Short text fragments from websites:
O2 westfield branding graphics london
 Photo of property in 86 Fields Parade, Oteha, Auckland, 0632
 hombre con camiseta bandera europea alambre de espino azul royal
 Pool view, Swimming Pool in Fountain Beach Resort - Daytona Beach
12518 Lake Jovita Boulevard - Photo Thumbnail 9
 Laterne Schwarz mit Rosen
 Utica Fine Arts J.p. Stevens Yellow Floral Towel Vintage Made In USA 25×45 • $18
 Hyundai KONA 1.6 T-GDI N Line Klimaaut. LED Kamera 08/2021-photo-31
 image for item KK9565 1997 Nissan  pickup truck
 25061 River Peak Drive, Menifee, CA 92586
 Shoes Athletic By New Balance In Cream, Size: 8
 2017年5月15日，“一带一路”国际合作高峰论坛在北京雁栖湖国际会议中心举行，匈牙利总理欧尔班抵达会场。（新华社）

▶ **Work task**: Lines from the one containing "Shoes Athletic By" through the last line of the data above are the only output wanted; restate them exactly.

▶ **Result for this task**:
 Shoes Athletic By New Balance In Cream, Size: 8
 2017年5月15日，“一带一路”国际合作高峰论坛在北京雁栖湖国际会议中心举行，匈牙利总理欧尔班抵达会场。（新华社）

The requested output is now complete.